A relação promíscua entre médicos e laboratórios já levantou tantas polêmicas que até burocracias tradicionalmente lentas como a do Conselho Federal de Medicina (CFM) e da Agência Nacional de Vigilância Sanitária (Anvisa) já baixaram, em 2000, resoluções para disciplinar a matéria. As normas representaram um avanço, mas estão longe de ter solucionado a questão.
Como mostrou reportagem publicada ontem por esta Folha, laboratórios continuam assediando profissionais da saúde e transformando médicos em garotos-propaganda. Fazem-no das mais variadas formas, que vão da oferta de brindes ao pagamento de viagens para congressos. Se as fronteiras entre o que é propaganda legítima e o que configura infração ética já são difíceis de definir, mais complexo é regulamentar a matéria.
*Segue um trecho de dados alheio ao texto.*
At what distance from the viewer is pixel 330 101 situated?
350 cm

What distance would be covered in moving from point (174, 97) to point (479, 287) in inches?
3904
Implementar de fato as regras, então, torna-se quase uma quimera.
Como se não bastasse, laboratórios são também acusados de tentar manipular a pauta de eventos científicos em favor de seus produtos e de esconder da comunidade acadêmica resultados de testes desfavoráveis.
Reconheça-se que a indústria investe grandes somas para pesquisar e desenvolver um produto, que, muitas vezes, já na fase final de testes, se revela problemático -ocasionando a perda dos recursos aplicados. O laboratório precisa, assim, extrair o maior proveito comercial possível das drogas que chegam ao mercado. É justamente aí que reside o perigo. Mesmo quando o novo fármaco não é tão revolucionário, o laboratório, para reaver o investimento, tenta mostrar o contrário, valendo-se de técnicas normais de propaganda, da sedução direta ao médico e da manipulação de evidências científicas.
Claro que não se pode -nem se deve- negar à indústria o direito de relacionar-se com médicos. É preciso, porém, que esse relacionamento seja melhor acompanhado pelas instâncias responsáveis de modo a fazer valer os limites dentro dos quais ele pode transcorrer legitimamente.